Khan Mohd Shahnawaz, Shamsi Anas, Zuberi Azna, Shahwan Moyad

机构信息

Department of Biochemistry, College of Science, King Saud University, Riyadh, Saudi Arabia.

Centre of Medical and Bio-Allied Health Sciences Research, Ajman University, Ajman, United Arab Emirates.

出版信息

Front Pharmacol. 2025 Aug 29;16:1619639. doi: 10.3389/fphar.2025.1619639. eCollection 2025.

DOI:10.3389/fphar.2025.1619639
PMID:40949115
原文链接:https://pmc.ncbi.nlm.nih.gov/articles/PMC12426037/
Abstract

The dual specificity mitogen-activated protein kinase kinase 1 (MEK1) is a critical node in the RAS-RAF-MEK-ERK signaling pathway, frequently dysregulated in cancers due to mutations in upstream regulators. Despite the development of MEK inhibitors, challenges such as on-target toxicities and drug resistance persist that emphasize the need for novel therapeutic strategies.
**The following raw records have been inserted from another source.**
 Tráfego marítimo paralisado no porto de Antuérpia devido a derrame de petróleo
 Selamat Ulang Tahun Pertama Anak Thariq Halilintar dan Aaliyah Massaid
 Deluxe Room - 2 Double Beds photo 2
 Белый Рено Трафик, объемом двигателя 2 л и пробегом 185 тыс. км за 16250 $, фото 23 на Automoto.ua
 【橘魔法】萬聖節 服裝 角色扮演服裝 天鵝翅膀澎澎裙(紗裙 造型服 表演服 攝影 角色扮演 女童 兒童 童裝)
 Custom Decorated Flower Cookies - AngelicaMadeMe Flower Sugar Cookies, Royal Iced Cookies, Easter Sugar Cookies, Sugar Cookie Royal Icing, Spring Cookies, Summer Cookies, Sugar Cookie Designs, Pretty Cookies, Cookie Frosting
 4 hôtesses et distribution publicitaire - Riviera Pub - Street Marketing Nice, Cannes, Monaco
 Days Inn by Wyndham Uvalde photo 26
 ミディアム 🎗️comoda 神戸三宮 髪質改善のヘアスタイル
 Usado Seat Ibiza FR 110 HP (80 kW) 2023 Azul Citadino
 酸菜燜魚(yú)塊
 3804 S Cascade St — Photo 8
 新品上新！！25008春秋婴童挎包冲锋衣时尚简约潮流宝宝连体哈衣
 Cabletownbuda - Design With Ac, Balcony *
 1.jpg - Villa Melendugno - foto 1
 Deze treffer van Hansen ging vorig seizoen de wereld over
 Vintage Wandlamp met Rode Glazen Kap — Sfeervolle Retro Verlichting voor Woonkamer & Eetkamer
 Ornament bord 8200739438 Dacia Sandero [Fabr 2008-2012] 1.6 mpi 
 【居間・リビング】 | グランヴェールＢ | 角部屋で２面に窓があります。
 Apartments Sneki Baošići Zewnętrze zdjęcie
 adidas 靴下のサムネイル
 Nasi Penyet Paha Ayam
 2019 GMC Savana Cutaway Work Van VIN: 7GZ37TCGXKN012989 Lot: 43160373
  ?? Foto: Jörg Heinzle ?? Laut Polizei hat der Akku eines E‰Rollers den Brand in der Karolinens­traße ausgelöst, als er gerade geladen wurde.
Drug repurposing offers a fast and cost-effective alternative by leveraging existing FDA-approved compounds with established safety profiles. This study employed computational approaches to identify repurposed MEK1 inhibitors through structure-based virtual screening of 3,500 FDA-approved drugs. The MEK1 crystal structure was subjected to molecular docking using InstaDock, followed by biological activity prediction, interaction analysis, and 500-ns molecular dynamics (MD) simulations to assess stability. Radotinib and Alectinib exhibited superior docking scores (-10.5 and -10.2 kcal/mol), outperforming the reference MEK1 inhibitor Selumetinib (-7.2 kcal/mol). MD simulations revealed stable drug complexes, with lower root mean square deviation (RMSD) and fluctuations (RMSF) than Selumetinib. Principal component analysis and free energy landscapes corroborated their conformational stability, suggesting robust binding to MEK1's allosteric pocket. Radotinib interacted extensively with key residues, including Gly79 and Lys97 at the ATP-binding site, while Alectinib engaged critical residues such as Arg189 and His239. Their superior binding and conformational stability suggest the potential to overcome resistance and toxicity issues associated with existing MEK inhibitors. The structural and dynamic superiority of Radotinib and Alectinib over Selumetinib positions them as promising repurposed MEK1 inhibitors, potentially circumventing the clinical challenges of existing therapies. A limitation of this study is the absence of experimental validation, which will be addressed in future work. Experimental validation is essential to confirm their efficacy and safety in MEK1-linked malignancies.

摘要

双特异性丝裂原活化蛋白激酶激酶1(MEK1)是RAS-RAF-MEK-ERK信号通路中的关键节点,由于上游调节因子的突变,在癌症中经常发生失调。尽管开发了MEK抑制剂,但诸如靶向毒性和耐药性等挑战仍然存在,这突出了对新型治疗策略的需求。药物重新利用通过利用具有既定安全概况的现有FDA批准的化合物提供了一种快速且具有成本效益的替代方案。本研究采用计算方法,通过对3500种FDA批准的药物进行基于结构的虚拟筛选来识别重新利用的MEK1抑制剂。使用InstaDock对MEK1晶体结构进行分子对接,随后进行生物活性预测、相互作用分析和500纳秒的分子动力学(MD)模拟以评估稳定性。拉多替尼和阿来替尼表现出优异的对接分数(-10.5和-10.2千卡/摩尔),优于参考MEK1抑制剂司美替尼(-7.2千卡/摩尔)。MD模拟揭示了稳定的药物复合物,其均方根偏差(RMSD)和波动(RMSF)低于司美替尼。主成分分析和自由能景观证实了它们的构象稳定性,表明与MEK1的变构口袋有强大的结合。拉多替尼与关键残基广泛相互作用,包括ATP结合位点的Gly79和Lys97,而阿来替尼与Arg189和His239等关键残基相互作用。它们优越的结合和构象稳定性表明有可能克服与现有MEK抑制剂相关的耐药性和毒性问题。拉多替尼和阿来替尼相对于司美替尼的结构和动力学优势使其成为有前景的重新利用的MEK1抑制剂,有可能规避现有疗法的临床挑战。本研究的一个局限性是缺乏实验验证,这将在未来的工作中解决。实验验证对于确认它们在MEK1相关恶性肿瘤中的疗效和安全性至关重要。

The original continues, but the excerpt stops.